Forgiving someone who hurt us is sometimes the hardest thing we’ll ever have to do. During more than 20 years in Christian ministry I’ve encountered a vast number of people who are struggling to forgive someone who has hurt them. They understand the importance of forgiveness; however few have been taught how. A critical reason the endless cycle of bitterness and revenge continues is due to an inaccurate or distorted view of forgiveness. A number of resources exist that explain what forgiveness is, but there is little to help a person understand what forgiveness is not. And that is often the key to success.

“And when ye stand praying, forgive, if ye have ought against any: that your Father also which is in heaven may forgive you your trespasses (Mark 11:25). For if ye forgive men their trespasses, your heavenly Father will also forgive you: But if ye forgive not men their trespasses, neither will your Father forgive your trespasses.” (Matthew 6:14-15)
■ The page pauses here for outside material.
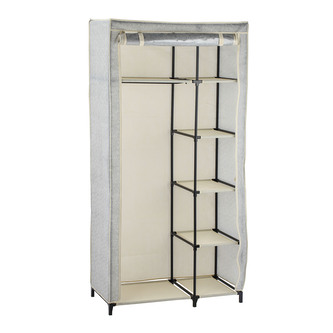 MSV látková šatní skříň, 6 přihrádek + tyč na ramínka, šedá, PP, železná konstrukce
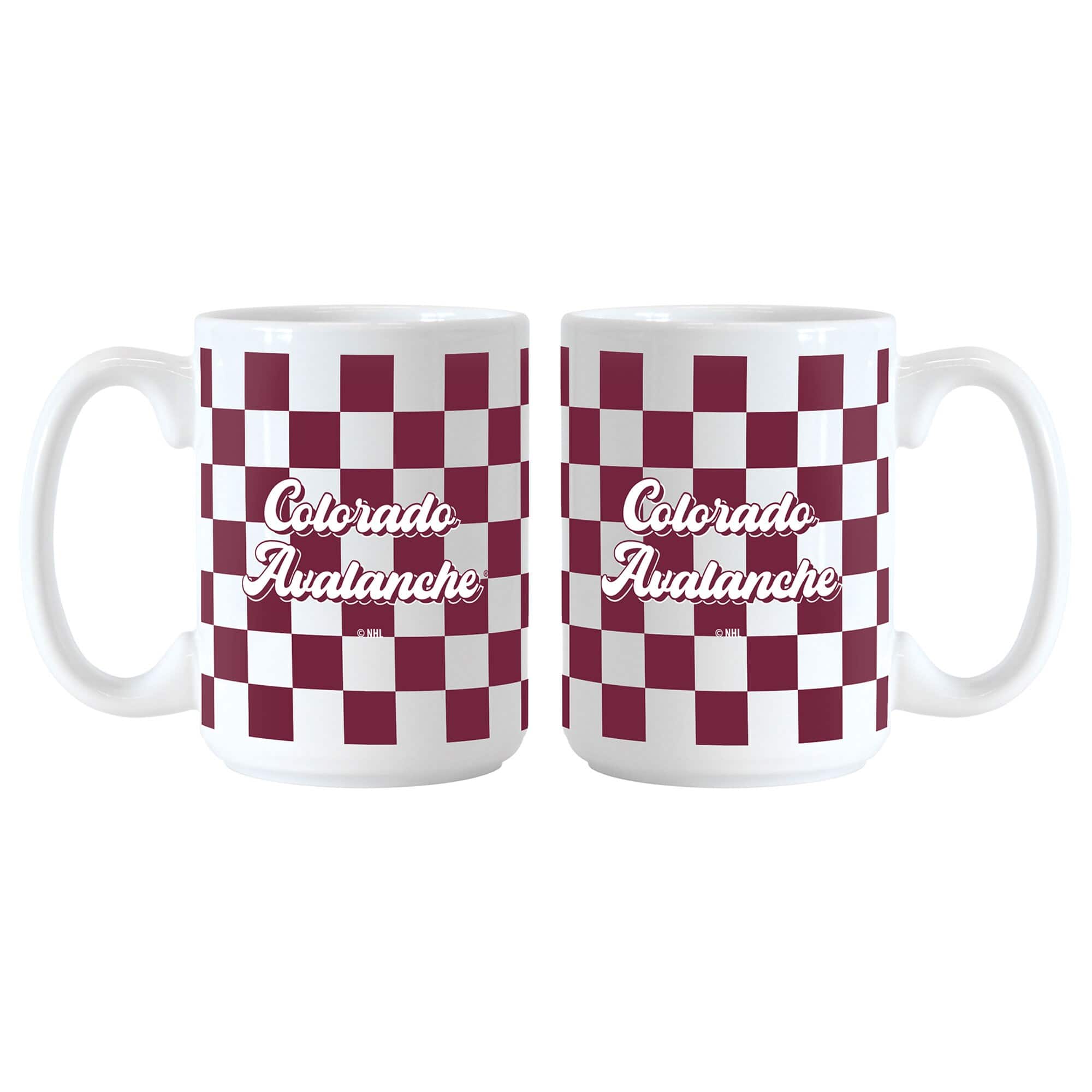 Logo Brands - Colorado Avalanche 2-Pack 15oz. Checkered Wordmark Mug Set - Multicolor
FORGIVENESS IS NOT ONLY A FEELING
If you are waiting until the feeling to forgive comes upon you, it could take a while to occur. Forgiveness should be an act of obedience to God because we trust him and believe he has our best interest at heart. God knows that hanging on to revenge, anger, and rage can destroy us spiritually, emotionally and physically. Christ paid too much for his Beloved ones to have them a slave to anything, much less hatred. He wants his children free. And a person is never free when weighed down with the ball and chain of bitterness. When the cold shackles of revenge are tightly clasped around our wrists, it’s impossible to lift our hands in praise to Him.

FORGIVENESS IS NOT PRETENDING YOU WEREN’T HURT
Walking around with a painted-on smile when you are emotionally dying inside is not forgiveness. In scripture we never see Jesus pretend. When he is sad, he cries (John 11:35). When he is angry, he turns over the tables in the temple (John 2:15-16). When he is lonely, he cries to his Daddy (Matthew 26:39). Christianity is not about denying a wound caused by another. Someone has betrayed your trust, damaged your soul, or caused a loss. You are justified in recognizing the hurt instigated by another’s sinful or poor choices.

FORGIVENESS IS NOT SAYING WHAT THE PERSON DID WAS OKAY
Many people reject forgiveness because it feels as though the wrongdoer is getting away with the offense. Our human nature wants the person who hurt us to suffer. Forgiveness isn’t ignoring what the person did, or pretending they are wonderful.

FORGIVENESS IS NOT RELIEVING THE PERSON OF RESPONSIBILITY
A person isn’t necessarily “off the hook” from his or her responsibilities just because you choose to forgive. For example, a wife may be forgiven for placing the family in financial ruin with debt, but she should still be responsible for making payments. A former husband may be forgiven for destroying his marriage with an affair, but he should be paying child support. Forgiveness doesn’t eradicate responsibility.

Forgiveness is often not a one time event. Those who are closest to us may hurt us repeatedly, requiring us to learn how to forgive multiple times.

The best way to take a step toward forgiveness is to admit that you need to forgive. Be honest with the Lord, no matter how angry you are. Ask him to reveal any distorted or unhealthy thinking you may have about forgiveness. God is more than willing to teach you how to surrender every hurt and rejection to him so that it produces wholeness. If you desire forgiveness for your sins the Bible states that you need to forgive (Matthew 6:14-15). And that often begins with discovering the difference between what forgiveness is, and what it is not.